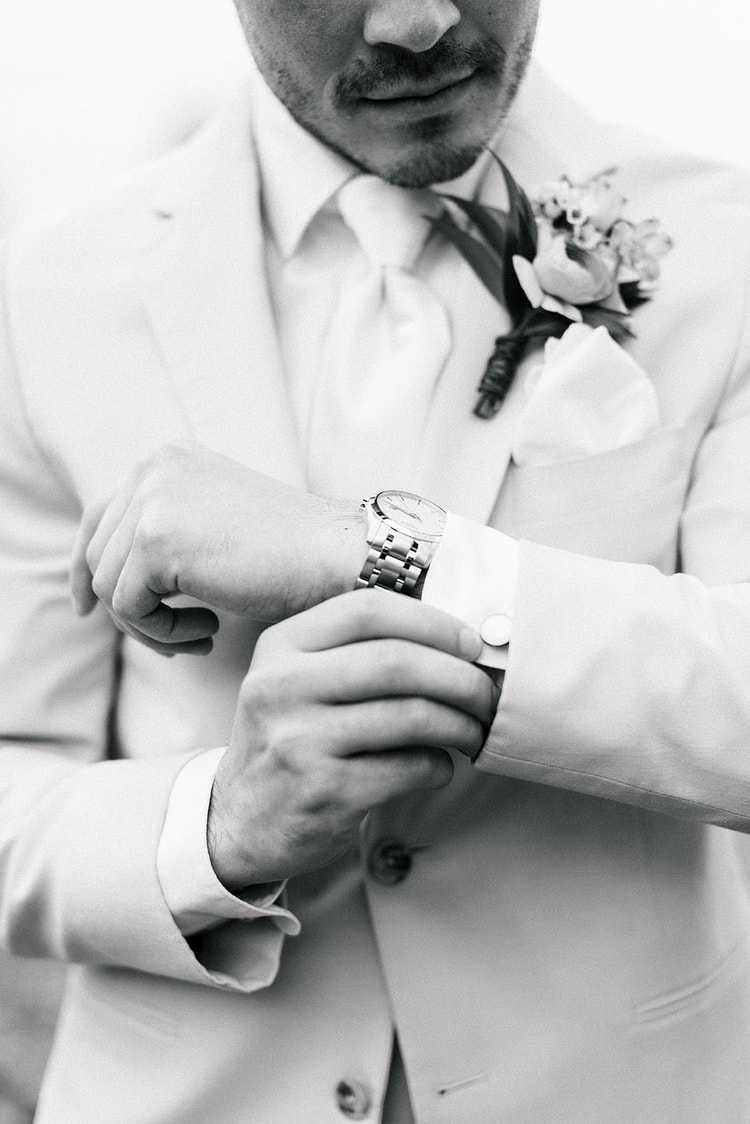 Close-up of the groom's boutonniere featuring a coral ranunculus and blue delphinium pinned to his cream lapel with a white pocket square.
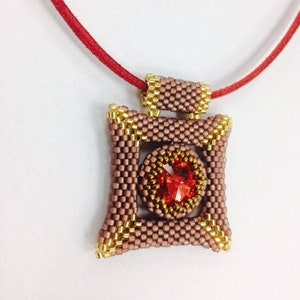 May include: A square-shaped pendant necklace with a red gemstone in the center. The pendant is made of brown and gold beads and is attached to a red cord.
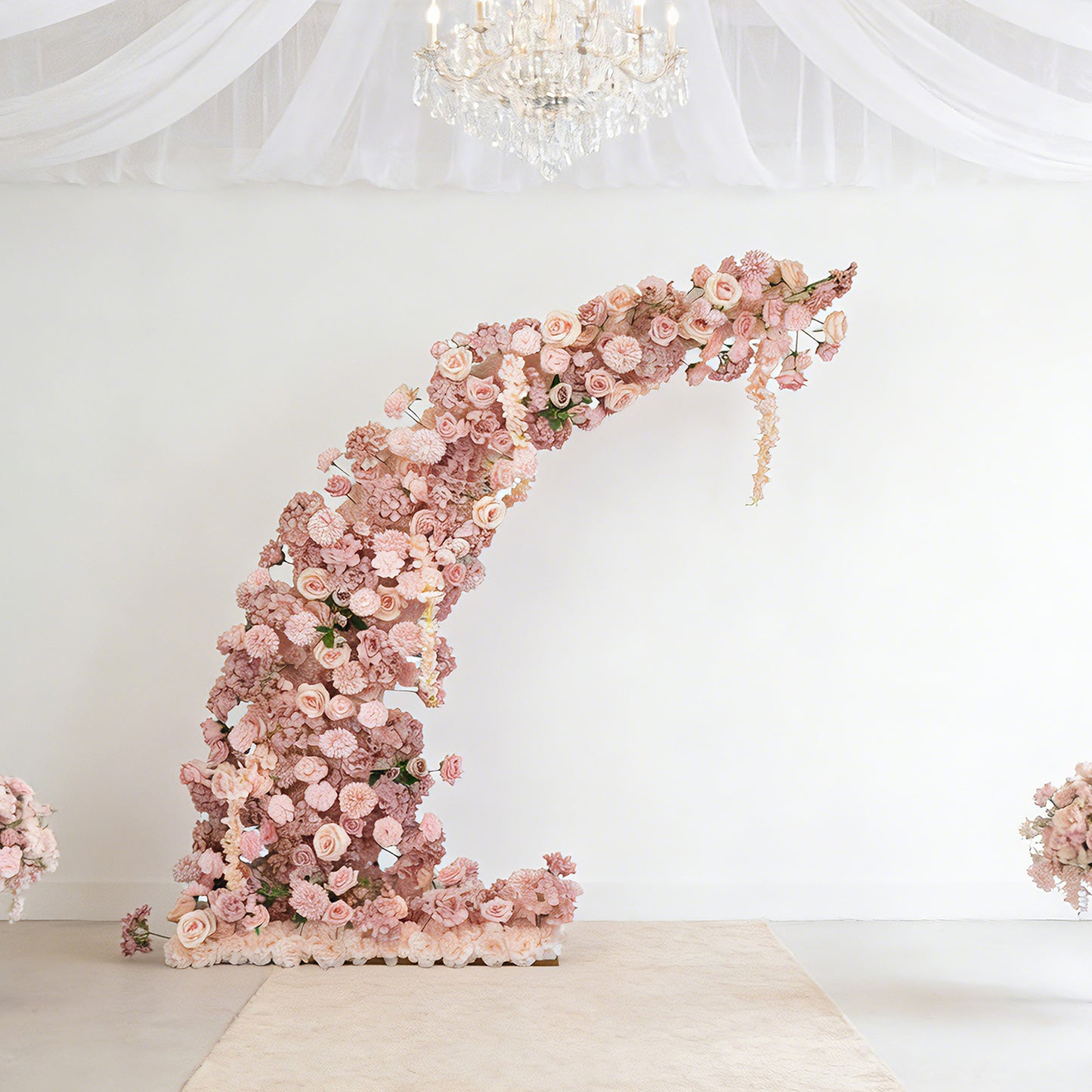 Dusty rose floral backdrop for wedding arch with roses and hydrangeas.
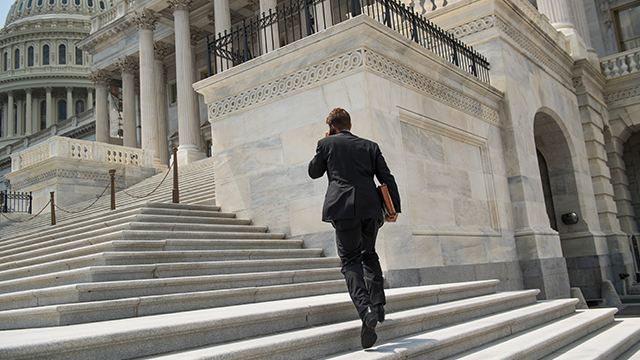 Sen. Ben Sasse, R-Neb., ascends the Capitol steps shortly before the Senate began its recess on Aug. 3, 2017. (Tom Williams/CQ Roll Call)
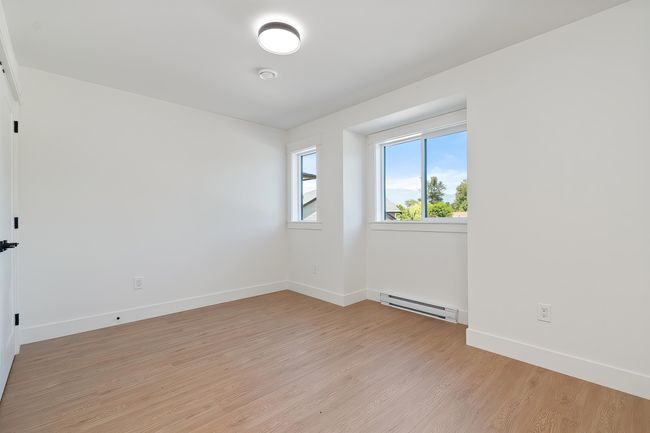 Unfurnished room featuring a baseboard heating unit and light wood-style floors | Image 26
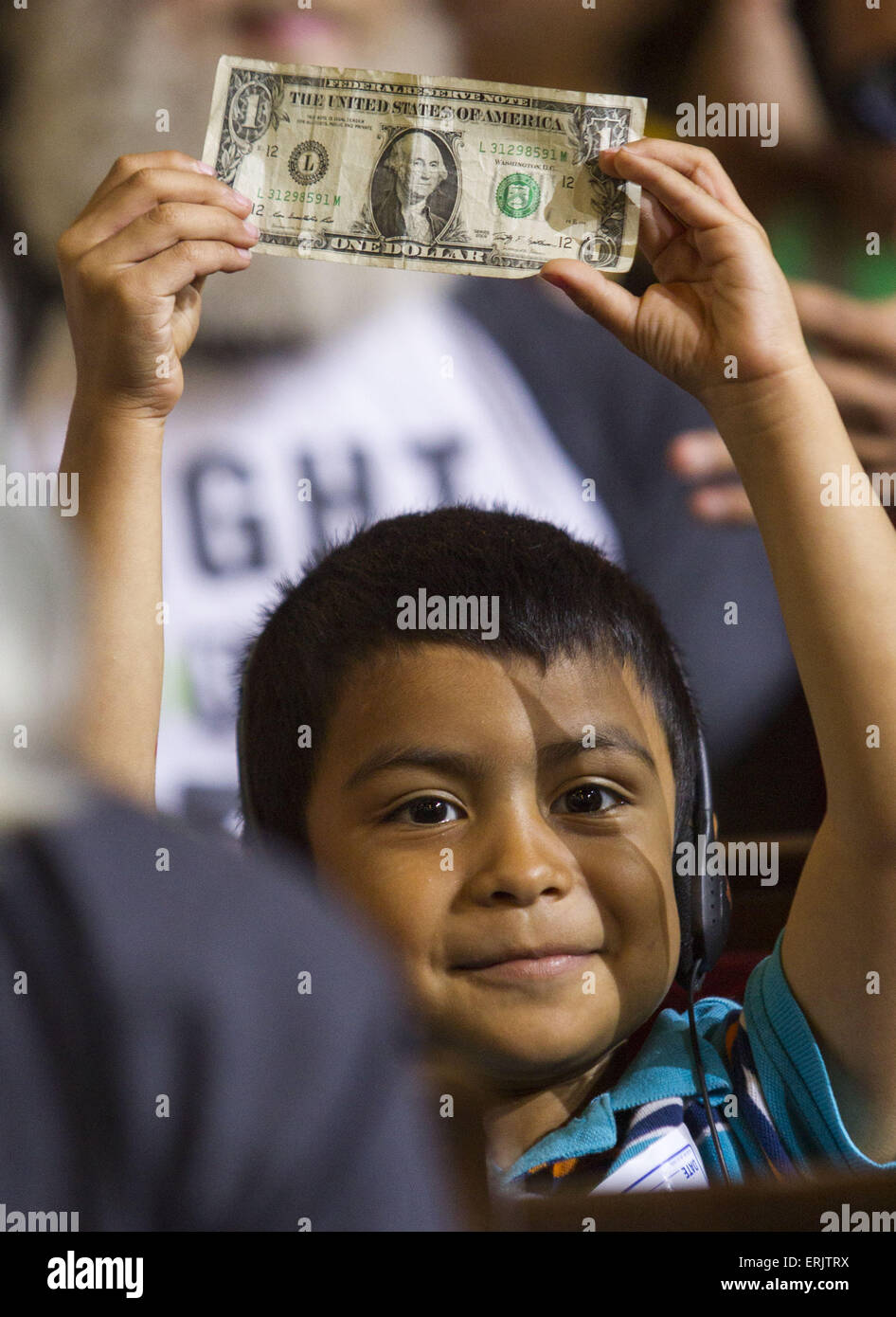 Los Angeles, California, USA. 3rd June, 2015. David Lazo, 5, raises a dollar bill as supporters await the Los Angeles City Council's vote an ordinance to raise the minimum wage in the city to $15 an hour by 2020 in Los Angeles. The City Council voted 13-1 to raise the minimum wage in Los Angeles to $15 an hour by 2020, but a second vote is required for final approval because the tally was not unanimous. If given final approval and signed by Mayor Eric Garcetti, the city, with 3.8 million residents, would become the biggest in the country with a $15 minimum wage. © ZUMA Press, Inc./Alamy Live N Stock Photo
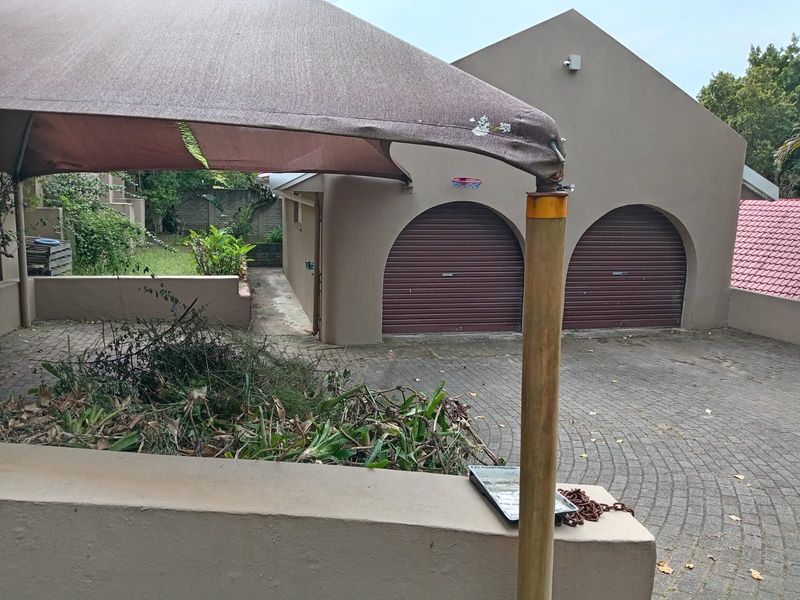 Front exterior view featuring a double garage with roll-up doors, a paved driveway, and a shade sail structure.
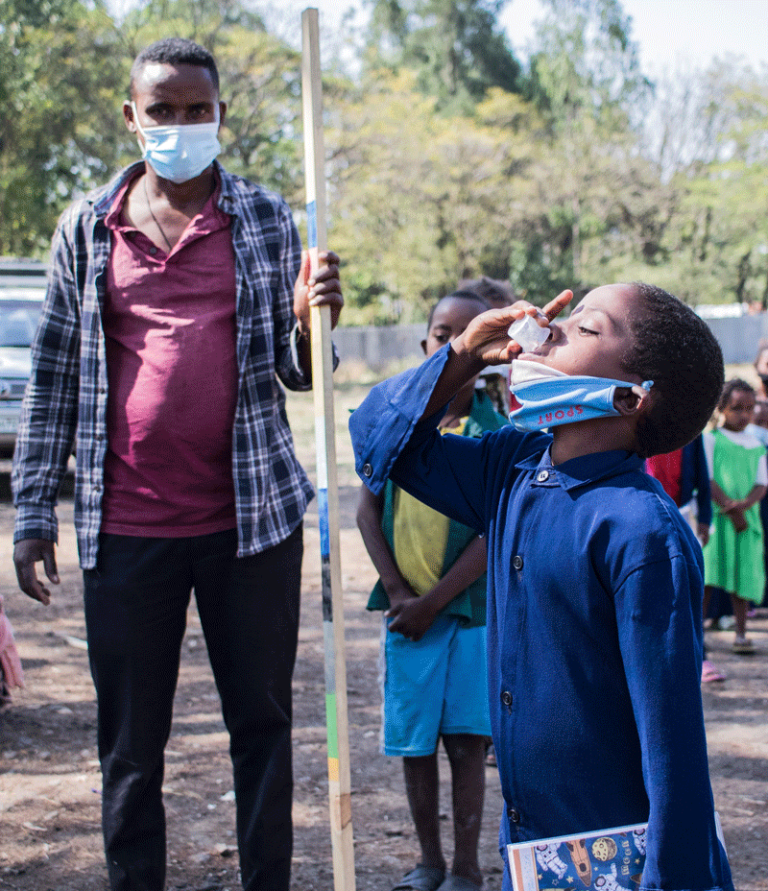 Ethiopia Trachoma Mda Boy Taking Meds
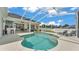 Relax in this screened pool with deck seating, patio and backyard at 6707 Hillis Dr, Lakeland, FL 33813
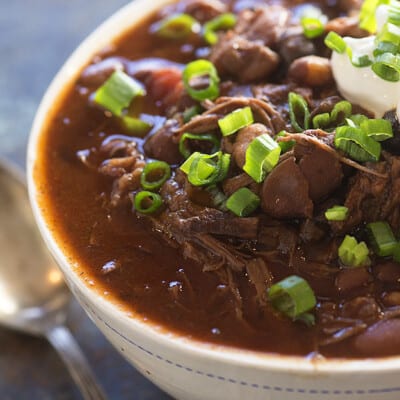 A close up of a cup of chili topped with chives.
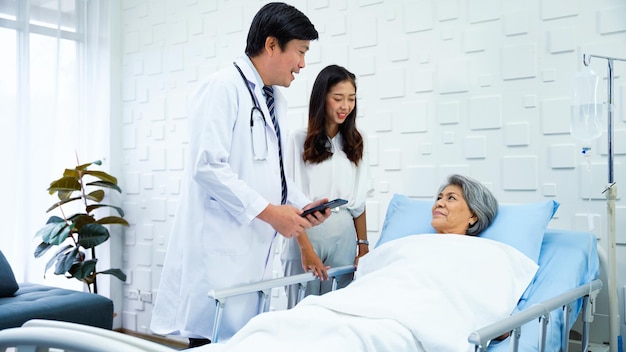 Specialist male doctor describing the improving symptoms of an elderly female patient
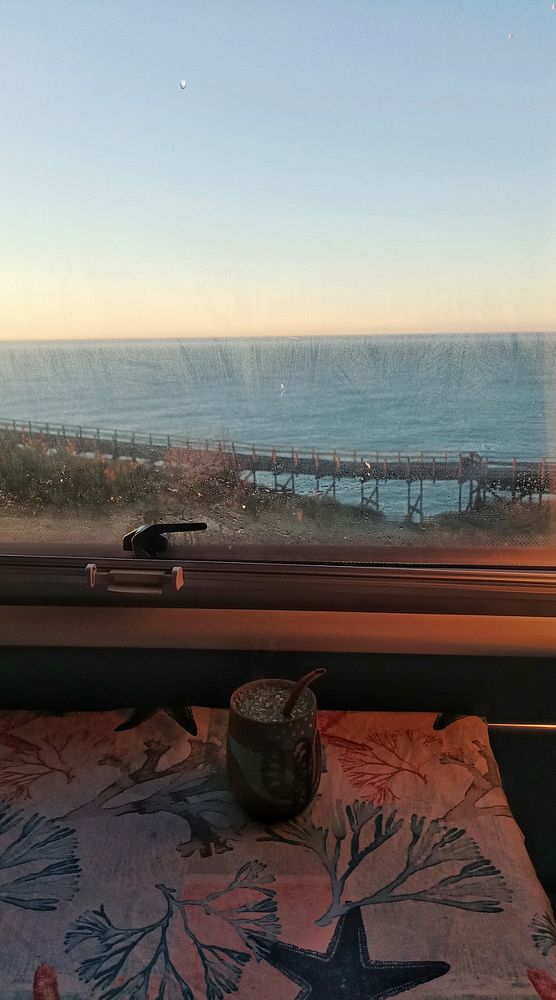 A cozy morning scene with a view of the ocean from a window.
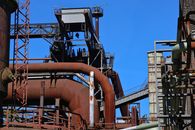 Detailed view of an industrial complex featuring rusted steel pipes and structures under a clear blue sky.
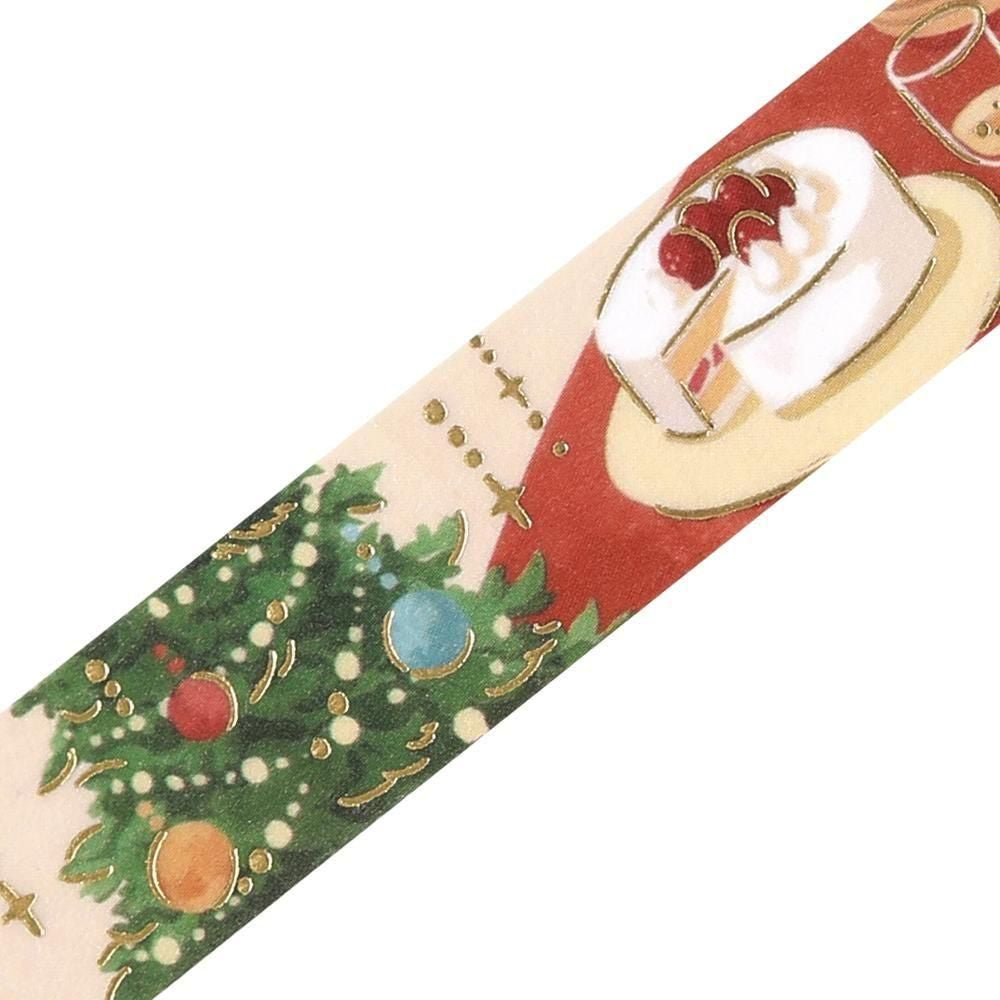 A close-up of washi tape with a Christmas-themed pattern, featuring a green decorated Christmas tree on one side and a slice of cake on a red background on the other, set against a plain white backdrop.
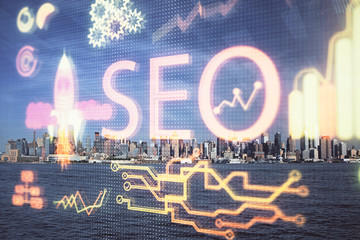 SEO hologram on city view with skyscrapers background double exposure. Search optimization concept.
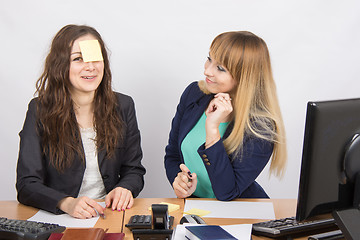 Image showing office employee a note taped to the forehead of his colleague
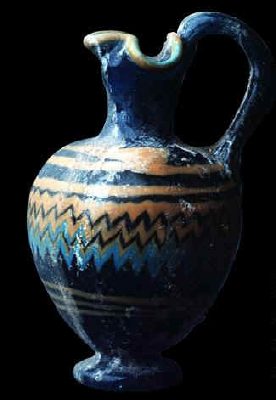 Oinochoe in pasta di vetro a becco trilobato con una decorazione geometrica policroma. Proviene dalla necropoli di Cartagine. Risale al VI-V sec. a. C. E' conservata al Museo del Bardo.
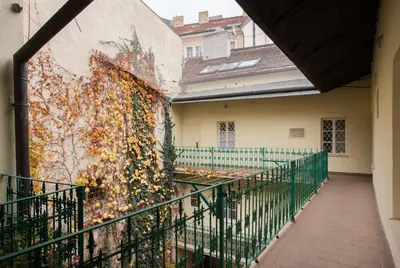a mural on the side of a building at Bohemian Chic 2 Bedroom 2 Bathroom Loft with Hanging Chair in Prague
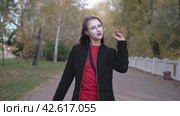 Mime young woman in a black coat walks down the street showing joking performance. Steadicam shot. Стоковое видео, видеограф EStarodubov / Фотобанк Лори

------------------------------

Please repeat all of the entries above word for word, but drop any pictures.

 Close-up of the groom's boutonniere featuring a coral ranunculus and blue delphinium pinned to his cream lapel with a white pocket square.
 May include: A square-shaped pendant necklace with a red gemstone in the center. The pendant is made of brown and gold beads and is attached to a red cord.
 Dusty rose floral backdrop for wedding arch with roses and hydrangeas.
 Sen. Ben Sasse, R-Neb., ascends the Capitol steps shortly before the Senate began its recess on Aug. 3, 2017. (Tom Williams/CQ Roll Call)
 Unfurnished room featuring a baseboard heating unit and light wood-style floors | Image 26
 Los Angeles, California, USA. 3rd June, 2015. David Lazo, 5, raises a dollar bill as supporters await the Los Angeles City Council's vote an ordinance to raise the minimum wage in the city to $15 an hour by 2020 in Los Angeles. The City Council voted 13-1 to raise the minimum wage in Los Angeles to $15 an hour by 2020, but a second vote is required for final approval because the tally was not unanimous. If given final approval and signed by Mayor Eric Garcetti, the city, with 3.8 million residents, would become the biggest in the country with a $15 minimum wage. © ZUMA Press, Inc./Alamy Live N Stock Photo
 Front exterior view featuring a double garage with roll-up doors, a paved driveway, and a shade sail structure.
 Ethiopia Trachoma Mda Boy Taking Meds
 Relax in this screened pool with deck seating, patio and backyard at 6707 Hillis Dr, Lakeland, FL 33813
 A close up of a cup of chili topped with chives.
 Specialist male doctor describing the improving symptoms of an elderly female patient
 A cozy morning scene with a view of the ocean from a window.
 Detailed view of an industrial complex featuring rusted steel pipes and structures under a clear blue sky.
 A close-up of washi tape with a Christmas-themed pattern, featuring a green decorated Christmas tree on one side and a slice of cake on a red background on the other, set against a plain white backdrop.
 SEO hologram on city view with skyscrapers background double exposure. Search optimization concept.
 Image showing office employee a note taped to the forehead of his colleague
 Oinochoe in pasta di vetro a becco trilobato con una decorazione geometrica policroma. Proviene dalla necropoli di Cartagine. Risale al VI-V sec. a. C. E' conservata al Museo del Bardo.
a mural on the side of a building at Bohemian Chic 2 Bedroom 2 Bathroom Loft with Hanging Chair in Prague
 Mime young woman in a black coat walks down the street showing joking performance. Steadicam shot. Стоковое видео, видеограф EStarodubov / Фотобанк Лори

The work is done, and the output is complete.